Blue Owl Capital (OWL) is down 39% YTD after restricting redemptions and selling $1.4B of assets to meet withdrawals; Blackstone and Morgan Stanley have capped investor withdrawals amid contagion fears. Goldman Sachs CEO David Solomon warned in his annual letter that private credit underwriting and concentrated exposure to software vulnerable to AI disruption risk triggering a credit/default cycle in a market valued at over $1 trillion. IMF warnings that banks' exposure could spread losses, plus geopolitical risk from the war in Iran and a spike in oil prices, amplify systemic contagion concerns. Recommend increasing cash allocation and closely monitoring BDC liquidity, bank exposures to private credit, and software-sector downside risk.

Analysis

Private-credit stress is best viewed as a funding-structure problem, not just a credit-quality problem: mark-to-market shocks in illiquid loans force gating/asset sales when redemption velocity exceeds available liquid assets, which in turn magnifies losses through fire-sale price discovery.
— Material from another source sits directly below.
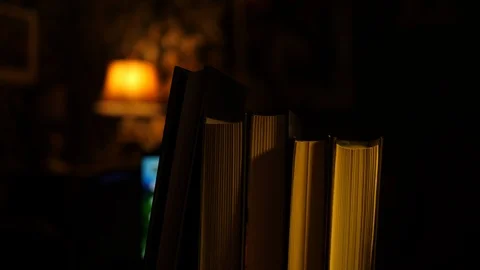 Old Books and tablet Defocused in the Background Video stock 113156830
Expect the most acute pressure on vehicles that finance with short-term or daily-liquidity liabilities against long-duration or covenant-light credits; those are where optionality is being stripped first and where forced sellers will set the marginal price. There is an asymmetric bifurcation between asset owners and service providers: firms that earn fee/flow revenues from trading and market volatility (exchanges, clearinghouses) should see benefit as bid/ask spreads and volumes spike, while fee-for-performance private managers and BDC equity investors carry convex downside as NAVs reprice and distributions are cut. Separately, semiconductor vendors sit in a hedge-like position — continued hyperscaler capex props up near-term chip demand even as software vendors face secular re-rating risk from AI-driven disintermediation. Time horizons matter. Expect liquidity/showcase events in days–weeks (redemptions, forced asset sales) and default/covenant cascades over 3–12 months as amortization and revenue deterioration hit private borrowers. Reversals arrive via three catalysts: (1) large LP capital injections or reopened gates, (2) stronger-than-expected SaaS renewal/net-retention metrics that restore covenant headroom, or (3) central-bank liquidity backstops that reduce haircuts — monitor BDC bid/ask spreads, redemption queue length, and SaaS net retention as leading indicators.